Considering the uptake in journalism courses, student media offices should be bursting at the seams. So why are so many journalism students unwilling to contribute to student media outlets?
The University of Central Lancashire, home to the first formal journalism course in the UK, currently offers more than 20 undergraduate and postgraduate courses. It has legions of journalism students at various stages in their career, with a wide range of skills and ideas. Yet the student newspaper, Pluto, is run by a skeleton crew.
Pluto’s news editor David Stubbings is hoping to hoping to refresh and improve student media at UCLan by redesigning the fortnightly paper and website and improving the means of communication to students.
“I think a lot of students arrive at university very excited and want to try and do everything. They’ll maybe write a bit but then just lapse and do the bare minimum, especially in first year,” he said.
He pointed out that the blame for a poorly staffed student media also lies with the editors, who should be encouraging more students to participate to avoid an elitist environment.
“Those who are heavily involved must make an effort to attract more contributors and crucially keep them interested. I think there are a lot of students who fail at doing that, so when you see the same writers names appear again and again people start to think that there’s no point trying to get involved.”
The outlook is, admittedly, bleak for nascent journalists. With all that’s written about mass redundancies, newspaper profit going into freefall, and seasoned journalists being laid off, you’d forgive a journalism student for wanting to crawl back into halls and stay there.

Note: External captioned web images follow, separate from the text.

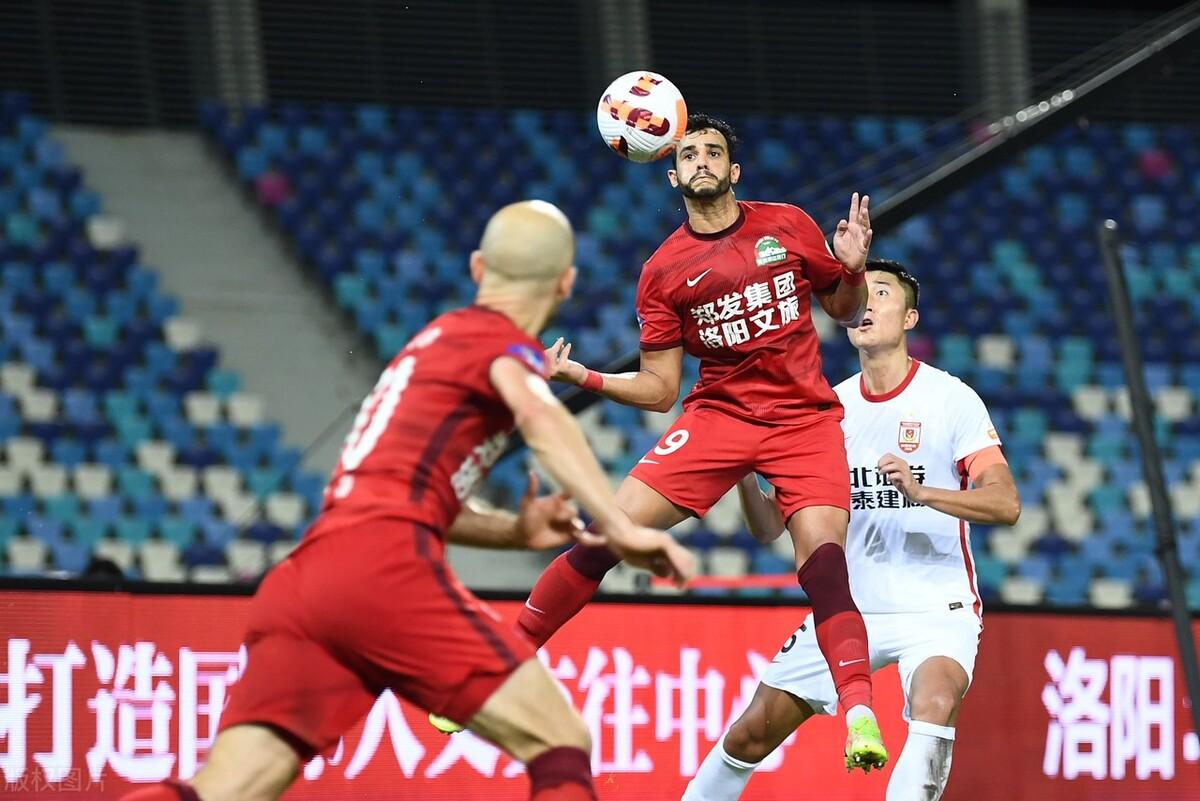 中超第10轮点评成都蓉城状态持续向好长春亚泰制造惨败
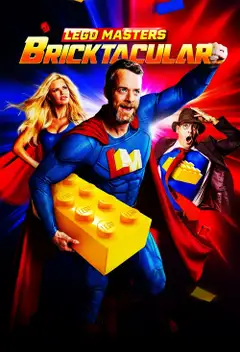 Temporada 8
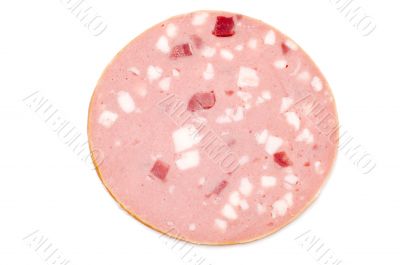 sausage macro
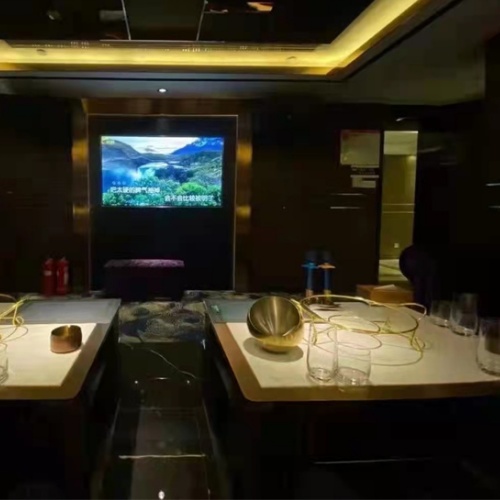 成都奢华KTV急招酒水促销员,无需任何费用,加入我们吧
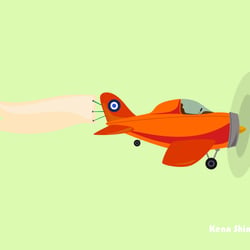 Besingleplane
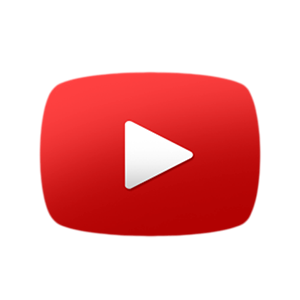 youtube player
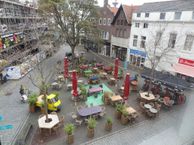 Walstraat 41 A, 4381 GD Vlissingen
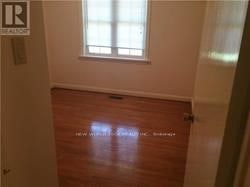 393 Hounslow Avenue, Toronto, ON, M2R 1H7 - 9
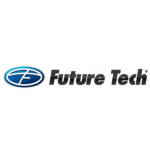 FUTURE-TECH, spol. s r.o. – logo společnosti
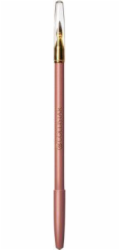 Collistar Professional tužka na rty 04 Matita 1,2 ml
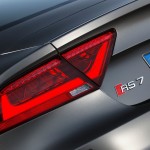 1 آئودی 2014 audi rs73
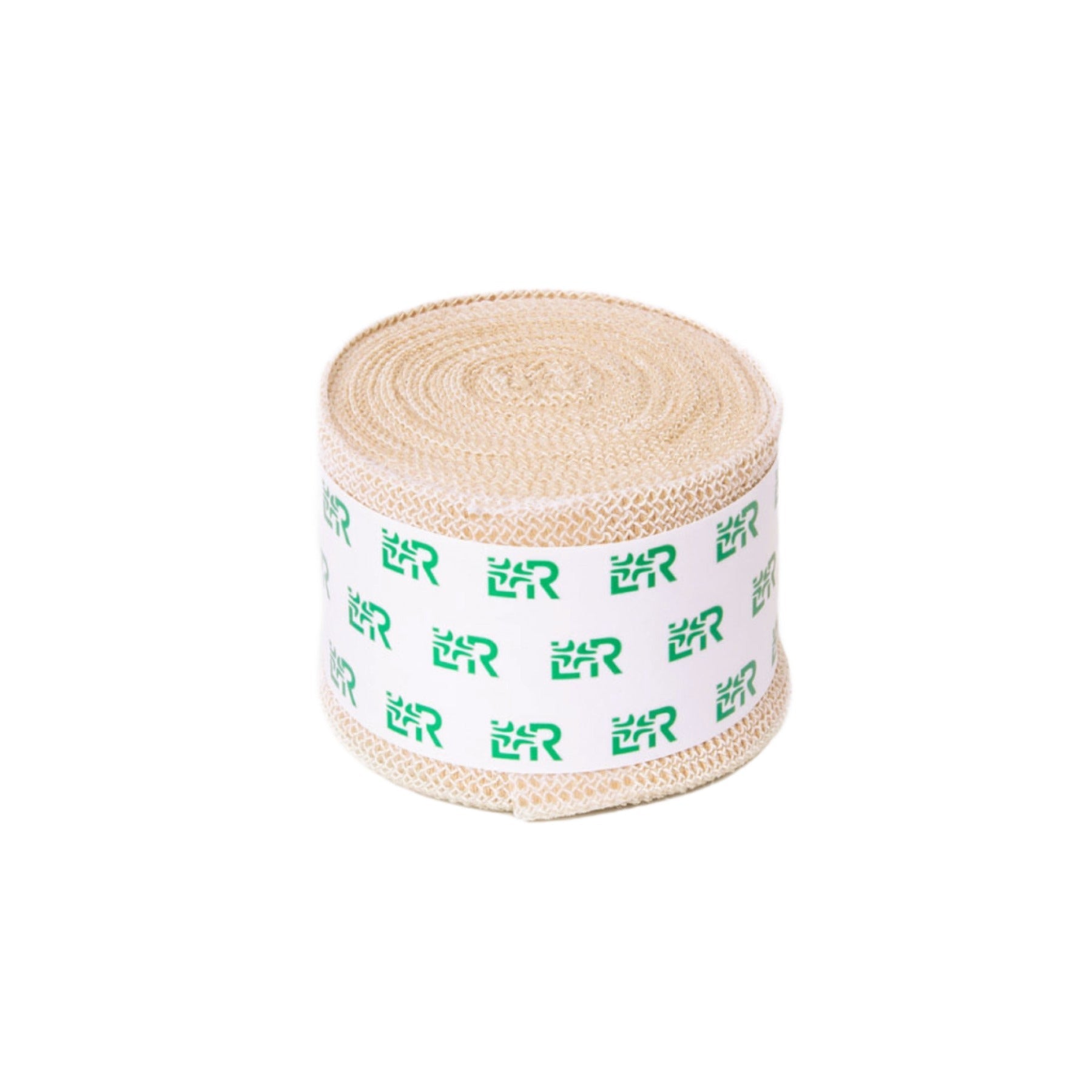 L&R Rosidal® K Short Stretch Bandage, 4 cm x 5 m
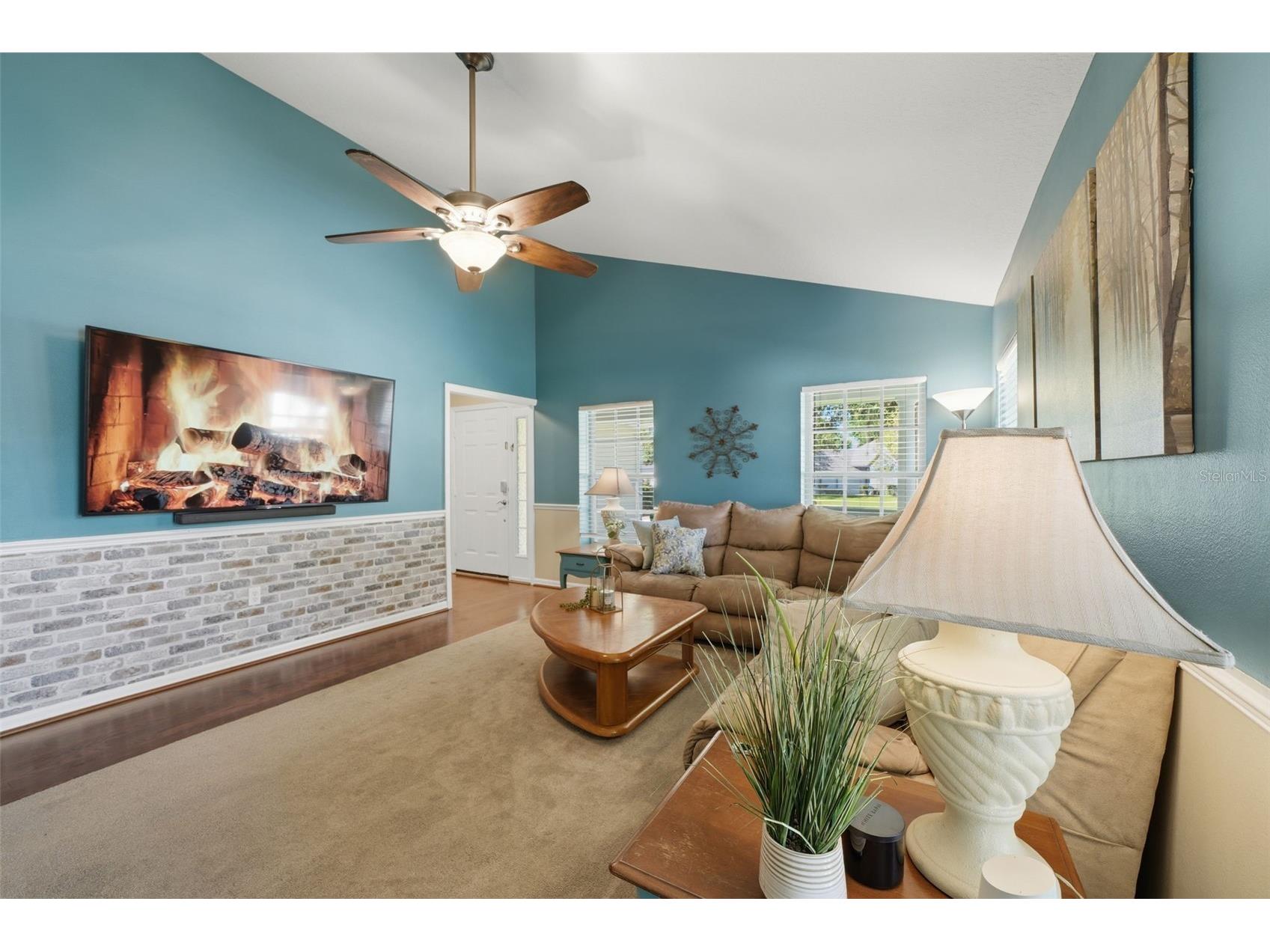 2213 Lange Street Kissimmee FL 34744 O6419441 image8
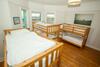 Albergue Turfnsurf Lodge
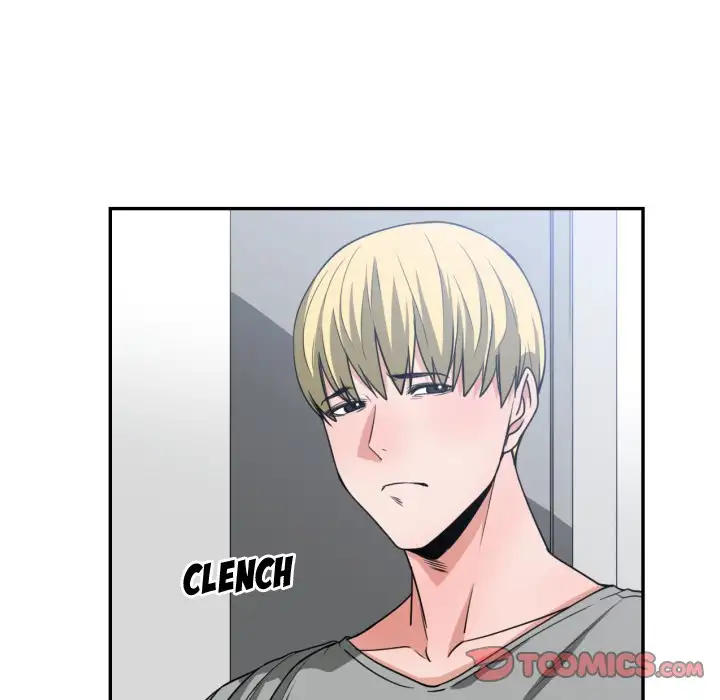 You’re Not That Special! Chapter 44 - Manhwa18.com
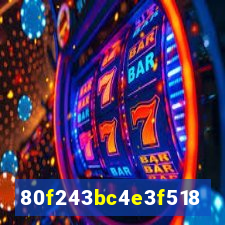 88SLOTS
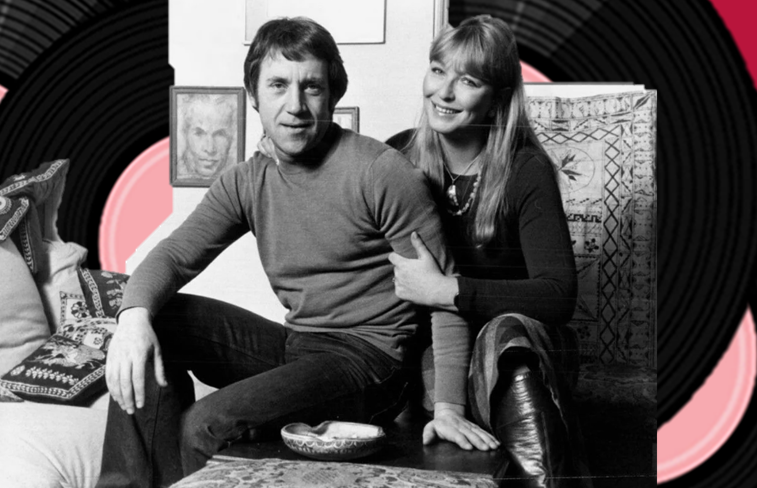 Песни из кино в исполнении советских драматических артистов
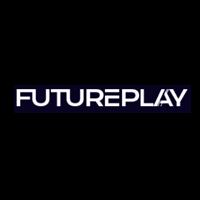 FuturePlay Partners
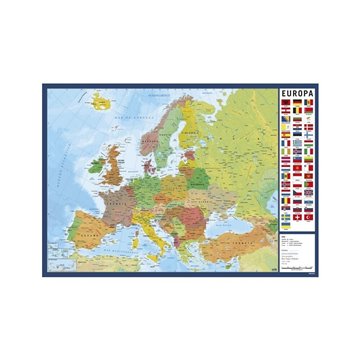 Cuaderno A5 Fluffy Kuromi Hello Kitty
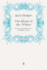 The Heart of the Writer: Private and Public Lives of English Writers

But I’d suggest the opposite. Student media, if done well, can offer a forum to throw around ideas (no matter how far-fetched), collaborate with like minded people, and practice journalism that is probably far closer to the romantic ideal of a roving reporter than any entry level job.
Journalism students have a lot to offer in an industry that is constantly in a state of flux. While interning at a national newspaper, I recall pointing out to a senior editor how to integrate his articles into Twitter, engage the readers and help tell a story better with data visualisation and diagrams. Skills which my generation take for granted are still thought of as innovative by many senior journalists, and what students lack in experience they can make up for with imagination and a little creative nous.
Student media can, and should foster this. At worst it can be self indulgent, and have the best interests of its writers, not its readers, at heart. But at its best it can be a melting pot of new ideas, encouraging experimentation and unusual content, all the while in the stable incubation stage of higher education.
In this uncertain time, journalism students can hold the key to unlocking a lot of different possibilities for the future of the profession. So lose your inhibitions, put down your pints, and get involved in your student media.